03 November 2007

saturday night's alright for fighting

The Courier Mail today has a feature on John and Janette Howard at home. At Kirribilli, of course, thta's home. You need to keep the sick bag close by (much as you did with the piece on Kevin07 in the Australian colour mag a few weeks ago), but it does allow some telling insights.

The PM and spouse are asked about whether they have politics-free times. And the answer, as if you didn't expect it, is "no, never".

Which to my mind tells us why and how Howard has given us the government we had to have. His whole life is politics, we wanted to be PM since he was 10 (what 10 year old has any idea about the job and what he would do with it?) and he sees the whole world through the political lens. He has all the answers about how we should live, and it's only those pesky remnant bits of democracy that prevent him from ramming the whole kit and kaboodle down our throats.

So, when asked about the death of Peter Andren, he makes a point about how well Andren did to be elected to the House of Representatives as an Independent. Not about what Andren represented or what he did. Rudd, after a short period of looking like a rabbit in the spotlights (I can see why people think he's plastic, it was like he was actually searching for what to say), talked about how Andren was a man of principle. Indeed. Such an answer should have come without a second thought, you'd reckon.

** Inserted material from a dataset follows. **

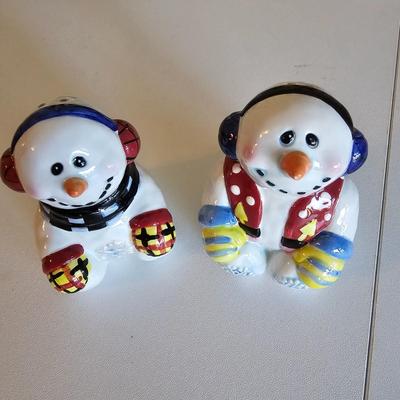 Christmas Home Decor & More (UCC-JS)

And Janette has a bit of whinge about Kirribilli: if a large ship passes too closely, the doors rattle. There's a simple solution for that, m'dear - live in Canberra at the Lodge, where you're supposed to be. It'd also save us taxpayers a few shekels.

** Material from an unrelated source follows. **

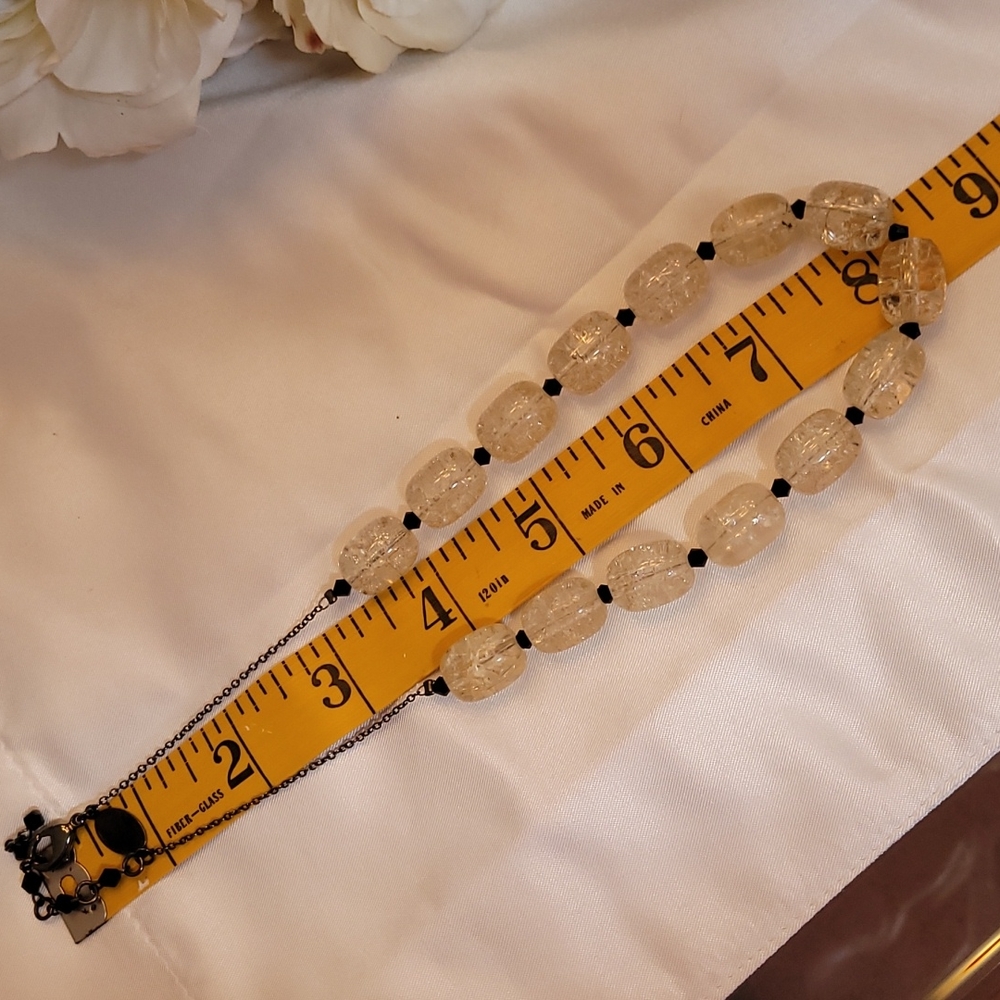 White House Black Market 16" beaded necklace - Picture 3 of 7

No Saturday night should be without a decent fright, so to deliver on that we point you to Your New Democracy's short piece of the continuing triumph of faith over reason in the US. You can click through a couple of links and get something like this:

"Boys and girls," Ham said. If a teacher so much as mentions evolution, or the Big Bang, or an era when dinosaurs ruled the Earth, "you put your hand up and you say, 'Excuse me, were you there?' Can you remember that?"
Fortunately we don't have quite that level of undermining the Reason Project in Australia - not yet anyway.

Here's something sort of different, just to cheer you up after that apocalytic vision -
Jeremy Clarkson drives the Peel P50 - no, I hadn't heard of it either. Via The Spectacularly Obtuse Blog, so wonderfully named and to my mind what the intertubes are all about. How or why someone spends time looking for this sort of stuff is utterly bewildering, but I'm very glad they do.